例えば、父A、母B、子C、Dの4人家族がいました。
父Aの相続発生後に、母B、子C、Dの3名で遺産分割協議を行う予定が母Bの相続も発生してしまいました。
本来であれば、父の相続時に相続人となる母B、子C、Dの3名で遺産分割協議を行い、登記をしなければなりませんが、父Aの相続の際に、母Bのみが1人での単独所有をする予定だったという内容を遺産分割協議書に盛り込み、母Bの相続時の遺産分割を子C、Dで行い、その協議結果を記載した遺産分割協議書をもとに登記申請を行えば、1回の登記で申請を行うことが可能です。
また、最終的な相続人は単独でなくても問題ありません。
3-3-2.中間省略登記できない場合
上記以外の場合には、原則として省略して登記を行うことはできません。
先程の例に当てはめて考えますと、父Aの相続発生時にさかのぼって遺産分割協議を行い、法定相続分通りに母Bが1/2、子C、Dが1/4ずつという分割方法にした場合には、その内容で1回目の登記申請を行います。

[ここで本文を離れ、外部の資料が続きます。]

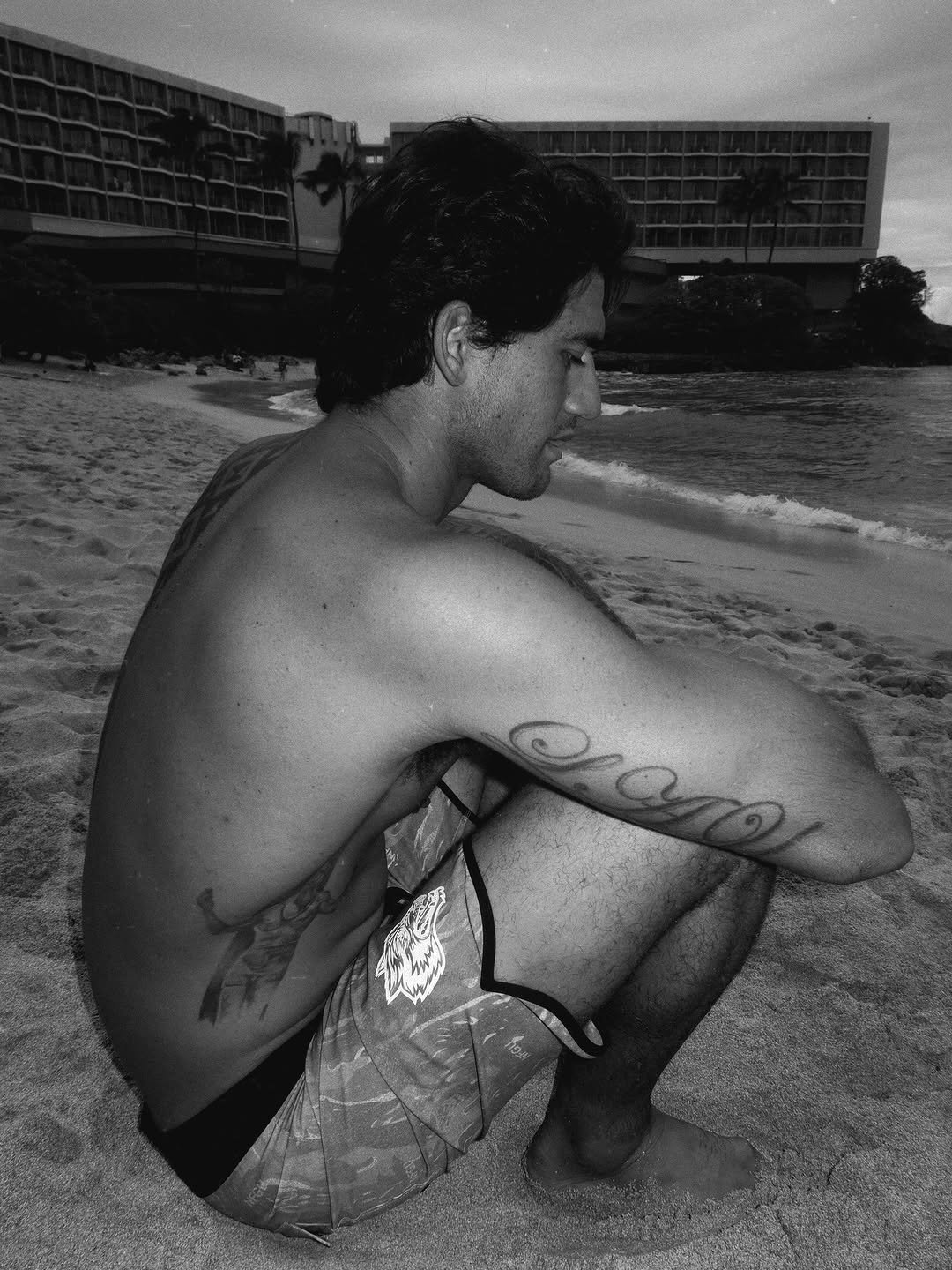 Photo shared by Zeke Lau on February 20, 2026 tagging @darcsportathletics. May be a black-and-white image of one or more people, tattoo, beach, ocean and text.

そして、母Bが取得した1/2の相続分を、子C、Dが1/2ずつ取得するという内容で2回目の登記申請を行う必要があります。
4.まとめ
今回は数次相続について解説させていただきました。
両親のどちらかが亡くなり、相続手続きを終える前にもう一方の両親も亡くなってしまうというケースは、少なくありません。
そういった事態に、誰が相続人になるのか?まず何をすれば良いのか?どんな手続きの進め方があるのか?迷ってしまう前に、こちらの記事をご参考にしていただけますと幸いです。
また、遺産分割協議書についての章で、中間省略登記ができる場合、できない場合とご解説をさせていただきましたが、中間省略登記を行う際には、遺産分割協議書を1枚にまとめて作成します。
数次相続が続くと、相続人の数も枝分かれして増えます。
そうなってくると、作成する遺産分割協議書の内容もどんどん複雑になりますので、相続人の状況等が複雑な場合は、専門家に協議書の作成を依頼されることをおすすめします。